Yes. I agree that Case 3 is surprising, but it does reveal some of what is going on under the covers. Normally when you assign one array to a new variable, Swift does not immediately make a copy. Instead, it just points the second array to the first and the reference count incremented. This is done for efficiency sake. It is only necessary to make a copy when one of the arrays is modified. In this case, when a gets modified, a1 keeps the original copy of the array in memory.

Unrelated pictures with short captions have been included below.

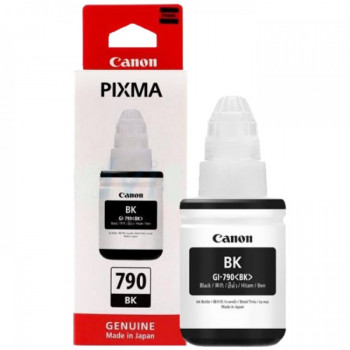 Tinta Refill Canon GL-790 Black (Original)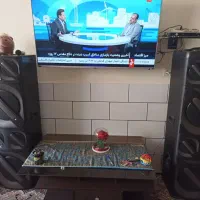 اسپیکر سینما خانواده مکسیدر|سیستم صوتی خانگی|شهرکرد, |دیوار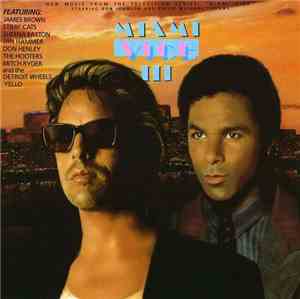 Various - Miami Vice III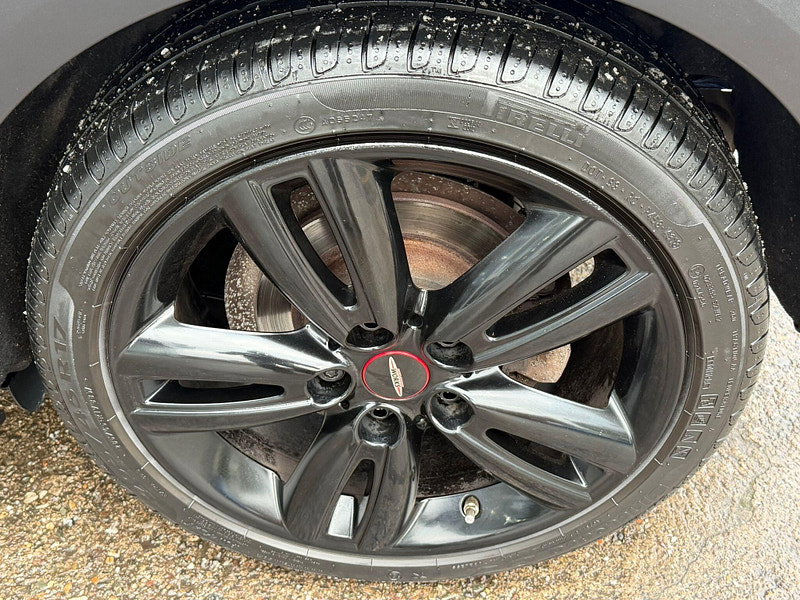 MINI Hatch 1.5 Cooper Sport Euro 6 (s/s) 3dr 3dr Manual 2026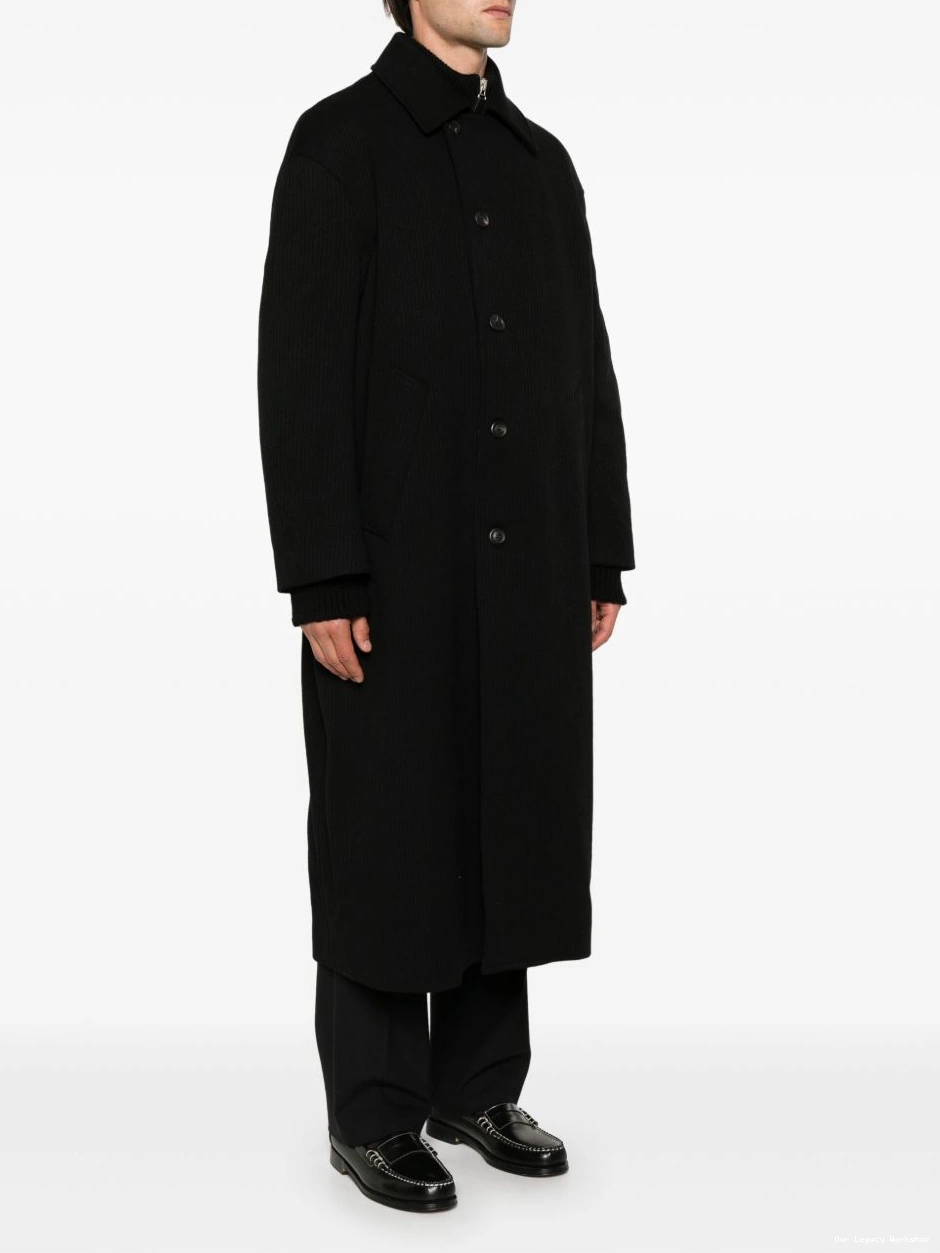 Find the best buy OUR Men Collapse LEGACY coat 0217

That's really confusing; I don't see why a1 wouldn't get 1,2,3. Also a
let should be immutable!
The fact that a1 gets modified when b is set shows that a1 is pointing to the memory of the original array. Swift apparently doesn't consider setting b as modifying a1. Perhaps because it already made sure a was mutable when foo was called with &a[2].